In a moment of what I can only describe as beautiful, shocking clarity, a game director actually admitted that players might be getting tired of RPGs with the depth of a kiddie pool.

Brandon Adler, the Game Director for the upcoming The Outer Worlds 2, just said the quiet part out loud. He thinks players want "deeper RPGs." It’s a revolutionary concept, I know. While the rest of the industry has been busy "streamlining" and "smoothing down the rough edges," Adler seems to have noticed that we actually like the rough edges.

The Return of the Crunch

"Players just really want to be able to get in there," Adler said in a recent interview with Danny Peña. "They want to just be able to get the crunchy number stuff, but also just make all the different types of builds they can."

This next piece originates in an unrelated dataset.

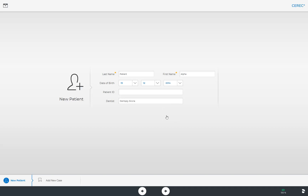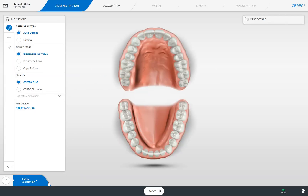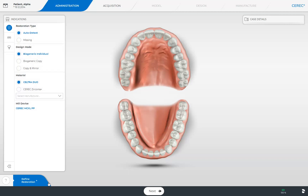Then we tap the button Add New Case at the bottom edge of the screen. The CEREC software takes us automatically to the administration phase where we determine the restoration type, design mode, material, mill device, as well as the position of the restoration within the odontogram.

You hear that? That’s the sound of a thousand CRPG nerds weeping with joy. For years, it feels like we've been told that complexity is a bad word. That we need our skill trees simplified, our dialogue options color-coded, and our inventory management handled by a magical fairy who organizes everything for us.

And for what? To appeal to some mythical "wider audience" that apparently gets scared off by the mere sight of a stat sheet. It’s a trend that has led to a generation of RPGs that feel more like checklists than actual role-playing experiences.

The Baldur's Gate Elephant

Of course, Adler isn't just pulling this out of thin air. The elephant in the room, the 800-pound gorilla of tactical, story-rich, unapologetically complex role-playing, is Baldur's Gate 3. The game's monumental success wasn't a fluke; it was a goddamn referendum. It proved, in no uncertain terms, that there is a massive, starving audience for deep, intricate RPGs. An audience that wants to get lost in character builds, agonize over dialogue choices, and read 500 pages of in-game lore.

It’s a lesson that Larian Studios seems to understand in its bones, and one that other developers are, hopefully, starting to take notice of. The success of Baldur's Gate 3 is something I've screamed about before, and it seems like the shockwaves are finally hitting the right people.

Hope for Halcyon

Adler says that with The Outer Worlds 2, Obsidian is trying to get back to its roots, focusing on "player agency and player choice and the consequences of those things." It’s music to my ears. The first Outer Worlds was a fun, stylish romp, but it was definitely on the lighter side of the RPG spectrum.

I played a short preview demo of the sequel, and while I didn't see a dramatic overhaul in complexity during the prologue, Adler's comments have me genuinely hopeful. The idea that a major studio is actively choosing to add more crunch, not less, feels like a turning point. Maybe, just maybe, the era of the braindead RPG is finally coming to an end. We can only hope.